CS 332 w22 — Beyond Physical Memory

Table of Contents

1 (near) Infinite Memory

  • Can we provide the illusion of near infinite memory in limited physical memory?
    • What's a source of storage that's much bigger and cheaper than memory? The disk!
    • We will treat memory as a cache for the disk
    • This will enable
      • Demand-paged virtual memory, a general technique
      • Memory-mapped files, a technique for efficient I/O
  • Address translation will be a crucial tool, allowing kernel to intervene when accessing selected addresses

2 Demand Paging

  • Illusion of (nearly) infinite memory, available to every process
  • Multiplex virtual pages onto a limited amount of physical page frames
  • Pages can be either
    • resident (in physical memory, valid page table entry)
    • non-resident (on disk, invalid page table entry)
  • On reference to non-resident page, copy into memory, replacing some resident page
    • From the same process, or a different process
  • A generalization of the on-demand paging from earlier
    • Could start running a program after initializing the first code page, loaded others in the background or as needed
  • Space on disk reserved for non-resident spaces is called swap space

What happens when a process accesses virtual page B?

pageFaultBefore.png

pageFaultAfter.png

2.1 How does the kernel provide the illusion that all pages are resident?

  1. TLB miss
  2. Page table lookup
  3. Page fault (page invalid in page table)
  4. Trap to kernel
  5. Locate page on disk
  6. Allocate page frame
  7. Evict page if needed
  8. Initiate disk block read into page frame
  9. Disk interrupt when read complete
  10. Mark page as valid
  11. Resume process at faulting instruction
  12. TLB miss (entry still not present in TLB)
  13. Page table lookup to fetch translation
  14. Execute instruction

2.2 Where are non-resident pages stored on disk?
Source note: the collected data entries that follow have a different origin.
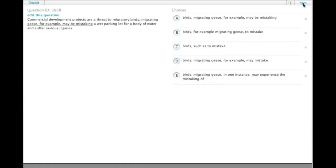Commercial development projects are a threat to migratory birds. Migrating geese, for example, may be mistaking a wet parking lot for a body of water and suffer severe injuries.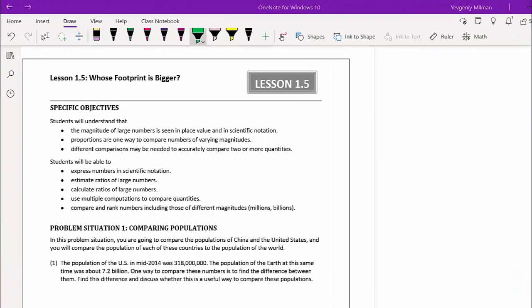Hi everybody. This is lesson 1.5, the title of the lesson: Whose Footprint is Bigger. Let's read the specific objectives for this lesson. Students will understand that the magnitude of large numbers is seen in place values and in scientific notation.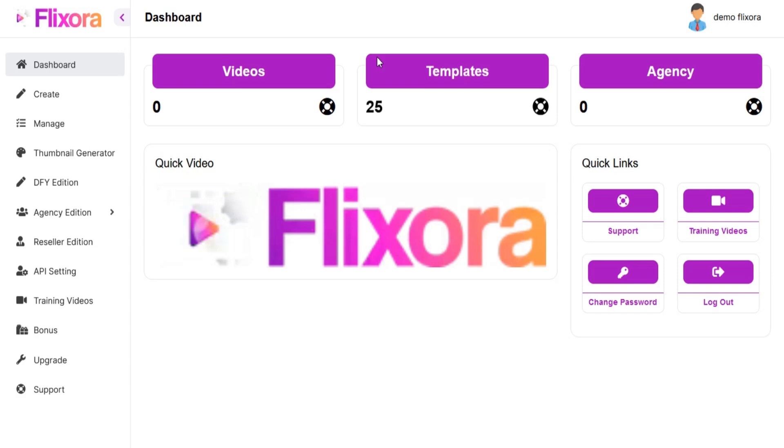Welcome to the Flixora training video series. In this tutorial, we are going to show you how to create a video thumbnail in Flixora.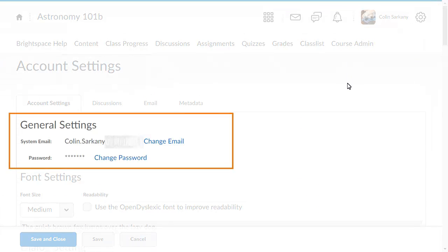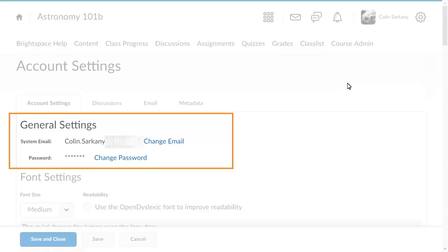In the General Settings area, you can change the email address you use to receive notifications. It is also where you can change your password.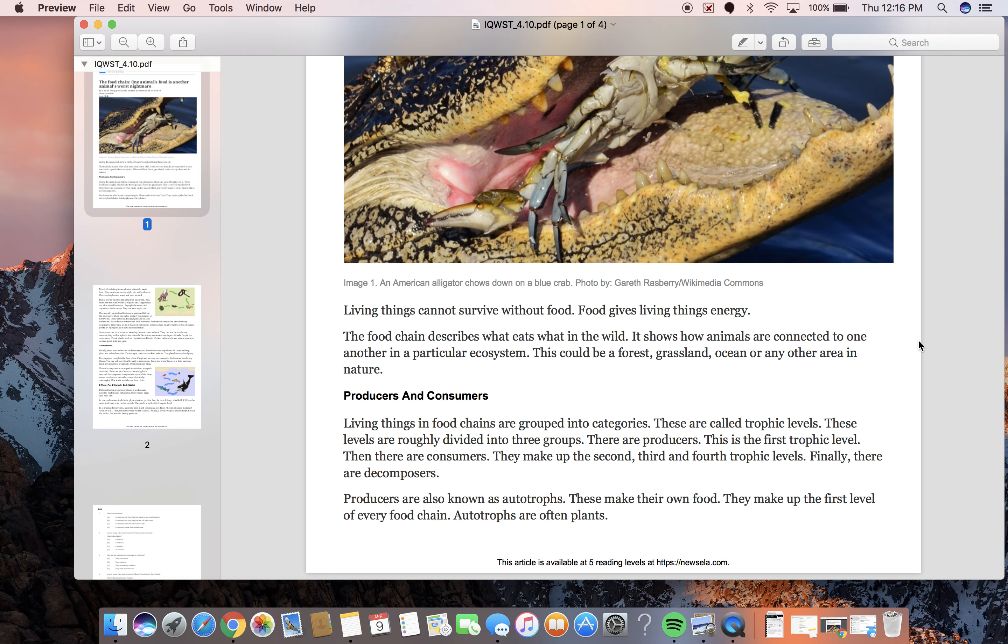Producers and Consumers. Living things in food chains are grouped into categories. These are called trophic levels. These levels are roughly divided into three groups. There are producers. This is the first trophic level. Then there are consumers. They make up the second, third, and fourth trophic levels. Finally, there are decomposers.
  • Option: Reuse page table entry
    • If resident, entry contains the physical page frame number
    • If non-resident, entry contains a disk block reference
  • Option: Use file system
    • Maintain a per-segment file in file system, offset within file corresponds to offset within segment

2.3 How do we find a free page frame?

  • If there's an unused page, use it
  • Otherwise, select old page to evict
  • Find all page table entries that refer to old page
  • If page frame is shared (use a core map, linking physical page → virtual pages)
  • Set each page table entry to invalid
  • Remove any TLB entries (on any core)
    • Why not: remove TLB entries then set to invalid?1
  • Write changes on page back to disk, if necessary
    • Why not: write changes to disk then set to invalid?2

2.4 Which pages have been modified (must be written back to disk)?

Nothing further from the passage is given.